The origin of these differences is due to changes in the local activity of the neural populations, while the anatomy remains unaltered. Indeed, latest results have shown that structural and functional connectivities are closest only during loss of consciousness, as the regional dynamics dissipates and direct anatomical connections become the dominant factor. During conscious awake, more intrincate regional dynamics trigger a dissociation of the functional connectivity from the shape of the underlying structure.
- How structure sculpts function: unveiling the contribution of anatomical connectivity to the brain’s spontaneous correlation structure.
R.G. Bettinardi, G. Deco, et al. Chaos 27, 047409 (2017).
- Signature of consciousness in brain-wide synchronization patterns of monkey and human fMRI signals.
G. Hahn, G. Zamora-López, L. Uhrig, et al. NeuroImage 226, 117470 (2020).
- Loss of consciousness reduces the stability of brain hubs and the heterogeneity of brain dynamics.
A. López-González, R. Panda, et al. Commun. Biol. 4:1037 (2021).
How small is a small-world network?
The small-world phenomenon is a central feature of complex networks, present in both natural and man- made networks. It was first defined in the realm of social sciences during the 1960s from the observation that any two persons in the world are connected through a short chain of social ties. But, how small is a small- world network and how does it compare to others?
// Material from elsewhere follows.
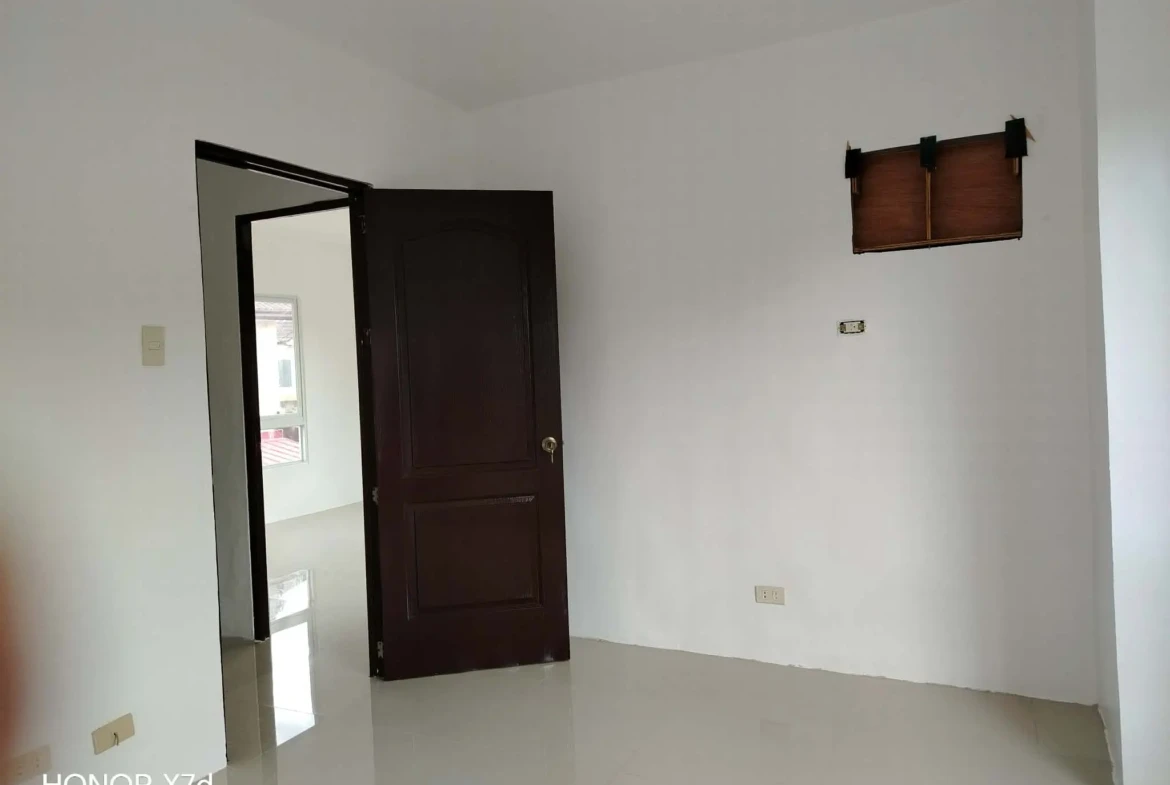 Single Attached Town House
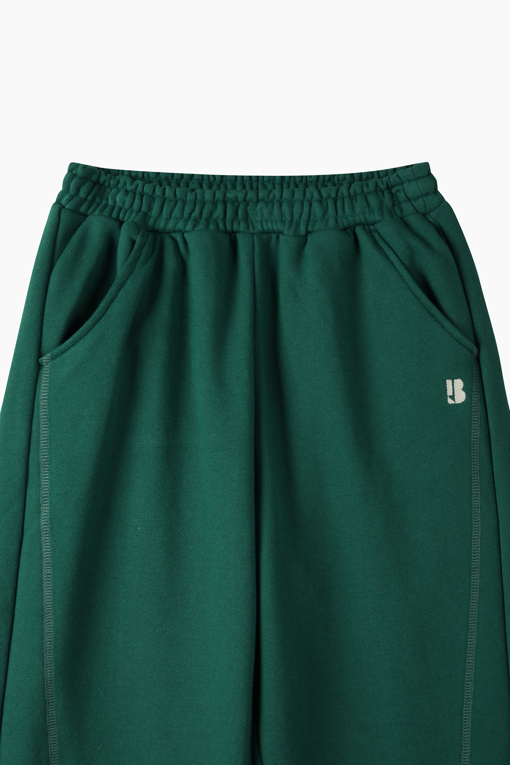 https://img.benettonmall.com/PARTS/KO/26F/QATP09661GN_MB_D2.jpg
Usually, in the physical world we interpret the size of objects by comparing them to a common reference – a standard metric space defined and agreed by the community. In the case of complex networks this is not possible since every network constitutes its own space. Thus, the question of whether a network is smaller or larger than another implies the comparison of two different spaces with each other, rather than the more familiar situation in which two objects are contrasted within the space they live.
In order to overcome this problem we identified the limits of the average pathlength and the global efficiency. That is, for an arbitrary number of nodes N and number of links L, we could define how to construct a (directed) graph with the shortest possible or the longest possible pathlength. This allows to evaluate the small-worldness of any network by observing how far is the network from its natural lower and upper boundaries. Additionally, we could show that all graph models (e.g., random, scale-free and lattices) become small-world at sufficient link density, with this critical density being a specific characteristic of the model.